Allerdings ist Abad recht angetan von der steigenden Zahl von Touristen, die durch das Ausgehviertel Poblado und durch das Zentrum der mit 2,4 Millionen Einwohnern zweitgrößten Stadt Kolumbiens flanieren und selbst den Trip mit der Seilbahn in die Comuna 13 oft nicht scheuen. »Vor ein paar Jahren war das noch ein umkämpftes Viertel, jetzt ist es zumindest tagsüber relativ sicher«, so Abad.

Die zunehmende Sicherheit ist ein Grund, weshalb Touristen seit ein paar Jahren in Scharen in das südamerikanische Land strömen. 2010 kamen 2,6 Millionen Besucher vor allem in die Städte an der Karibikküste, allen voran Cartagena. 2016 waren es schon knapp 5,1 Millionen Touristen, und im vergangenen Jahr wurde noch einmal ein Plus von 28 Prozent verzeichnet. Die 6,5 Millionen Besucher sorgten dafür, dass der Tourismus nach dem Erdöl- und noch vor dem Kaffee-Export der zweitwichtigste Wirtschaftssektor des Landes geworden ist. Und Kolumbien hat weiteres Potenzial. Zum einen werden die vier Metropolen Bogotá, Medellín, Cali und Cartagena von Touristen angesteuert, zum anderen entdecken immer mehr Besucher die landschaftlich attraktiven Regionen wie die Kaffeezone oder begeben sich auf die Spuren der indigenen Kulturen in die Ciudad Perdida im Norden Kolumbiens, neben Machu Picchu eine der größten wiederentdeckten präkolumbischen Städte Südamerikas. Ornithologen wiederum haben die Naturschutzgebiete mit ihren vielen exotischen Vogelarten im Visier und geben viel Geld für Schnappschüsse aus. Das wissen auch die Verantwortlichen in Bogotá, die an neuen Routen feilen, um Radfahrer genauso anzusprechen wie Kaffeeliebhaber, Kletterer oder Wanderer. Obendrein werden Touren an der Karibikküste, auf den Spuren des Unabhängigkeitskrieges oder des Vallenato, des derzeit wichtigsten Musikstils, angeboten.

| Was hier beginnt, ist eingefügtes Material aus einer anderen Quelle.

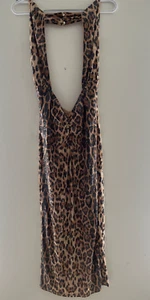 Neckholder Top Leopardenmuster Pailletten Kleid - mit Ärmeln - Gr. S - Neu ohne Etikett - Bild 1 von 2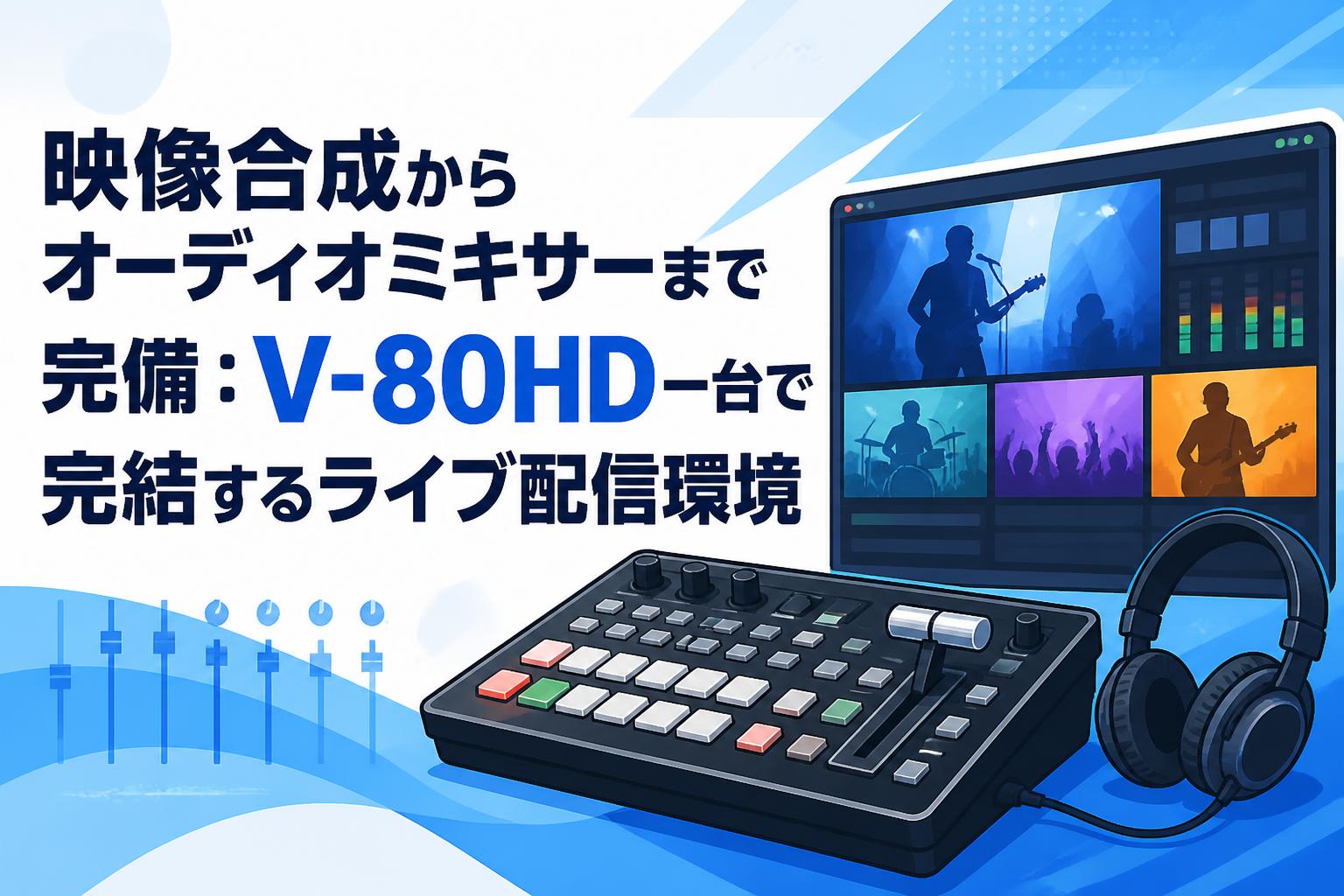 映像合成からオーディオミキサーまで完備：V-80HD一台で完結するライブ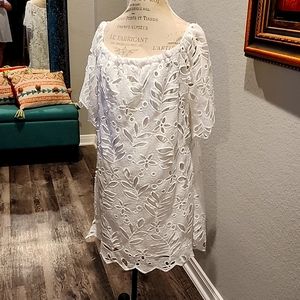 NWT XXL Voins Off-Shoulder White Large Eylet Dress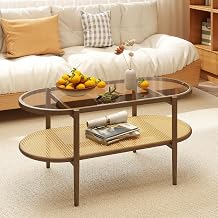 Boho Oval Coffee Table - 4-Tier Tempered Glass Tabletop with Acacia Wood Frame and PE Rattan Storage Shelf - Modern Center Cocktail Tea Desk for Living Room Apartment and Office Decor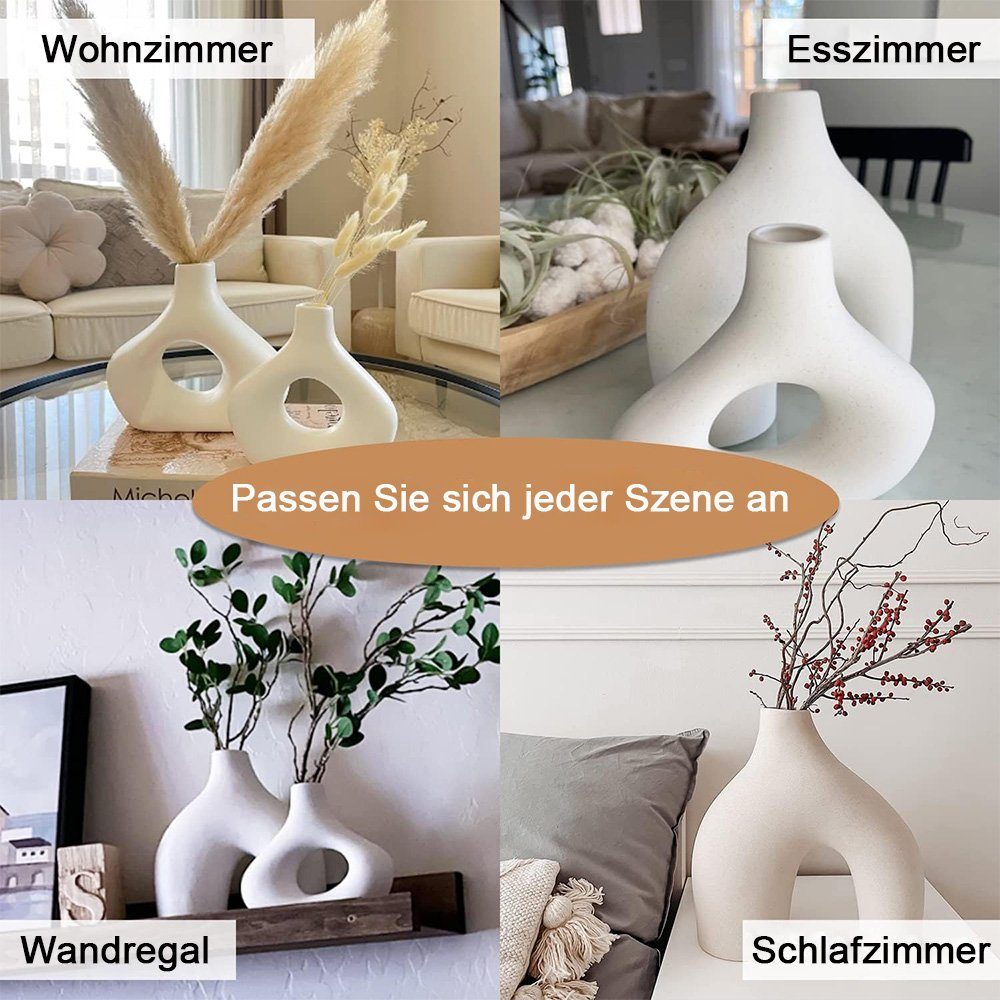 Stücke Weiß Dekovase NUODWELL Moderne 2 Boho Keramikvase, vasen Dekoration Minimalismus-Stil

Auch in die Schutzgebiete werden Touren organisiert. Zum Beispiel kann man von Bogotá aus den nur eine Autostunde entfernt liegenden Páramo Sumapaz, einen der wichtigsten Wasserspeicher des Landes, besuchen. Er liegt oberhalb der 2500-Meter-Marke inmitten von Hochmooren, die immense Wassermengen aufnehmen und speichern können. Hier entspringen unzählige Flüsse des Landes. 36 dieser meist mit beeindruckender Vegetation umgebenen Wasserspeicher gibt es landesweit. Die Reise zum Páramo Sumapaz war bis zum Friedensschluss mit der Guerillabewegung FARC riskant. Seit November 2016 fahren nun jeden Tag Busse mit Touristen zum Páramo und zurück. Bis zu 1500 Personen sind es täglich, so berichten lokale Tageszeitungen. Sie weisen jedoch auch auf den schädlichen Einfluss der Touristen hin, die Müll hinterlassen, ohne Lizenz Wildtiere jagen und jeglichen Respekt für die Umwelt vermissen lassen.

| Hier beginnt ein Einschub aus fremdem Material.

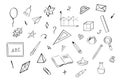 Back to school set of doodle elements. Sketch draw school supplies icons. Royalty Free Stock Photo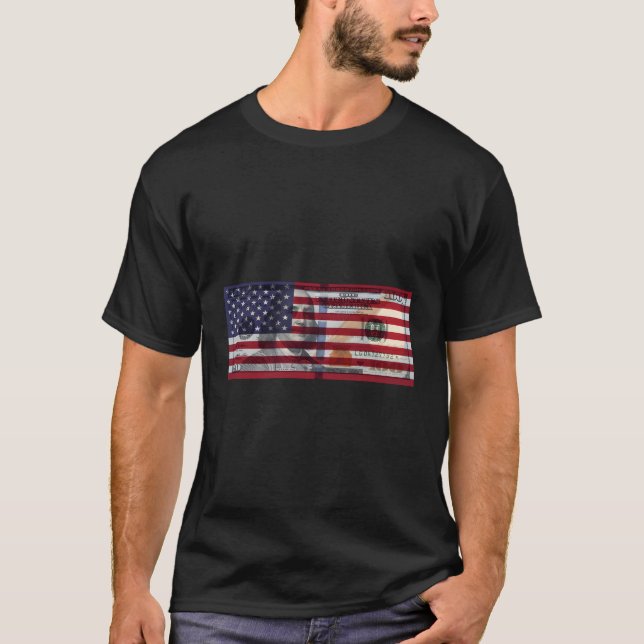 Amerikanische Flagge 100 Dollar Bill Hoodie T-Shirt (Vorderseite)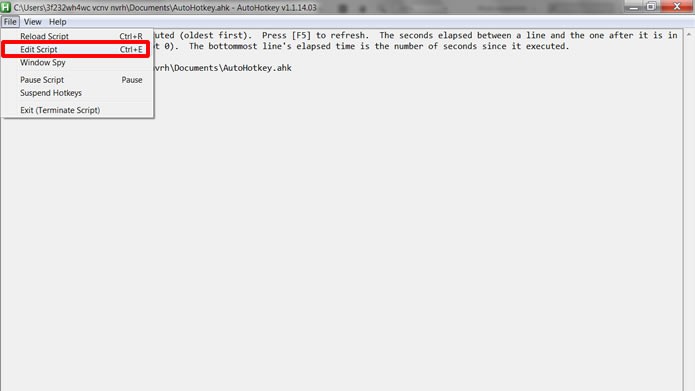 Selecione a opção em destaque na figura para acessar a ferramenta do AutoHotkey e criar seus comandos personalizados (Foto: Reprodução/Daniel Ribeiro)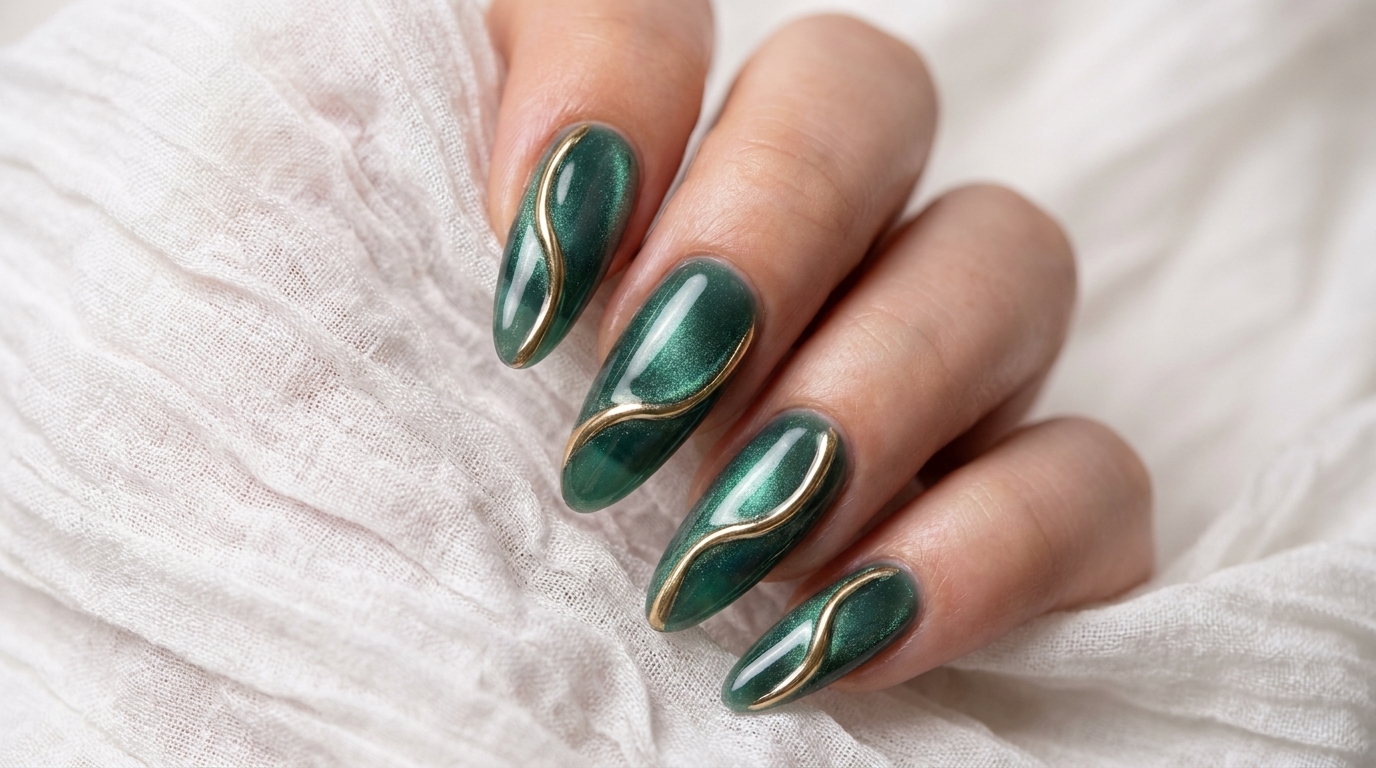 Lake Green Cat Eye Nägel mit 3D Gold-Chrome-Akzenten — Schritt-für-Schritt Anleitung
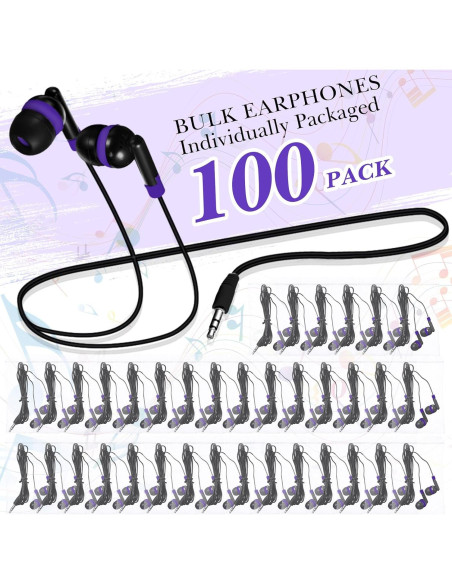 Auriculares con Cable Kanayu WAE1925 Morados 100 Piezas para Estudiantes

Ein Problem, mit dem sich Tourismusministerin María Claudia Lacouture bisher genauso wenig beschäftigt hat wie mit dem Sextourismus, der nicht nur in den Urlaubszielen an der Karibikküste, sondern auch in Medellín verbreitet ist. Zwar gibt es eine Strategie gegen die sexuelle Ausbeutung von Kindern und Jugendlichen, aber in der Realität drückt die Polizei oft beide Augen zu, kritisiert Héctor Abad. Dies ist die Kehrseite des Touristenbooms, der 2017 schätzungsweise acht Milliarden US-Dollar in die Staatskassen spülte und rund 1,8 Millionen Menschen Arbeit gibt - Tendenz weiter steigend.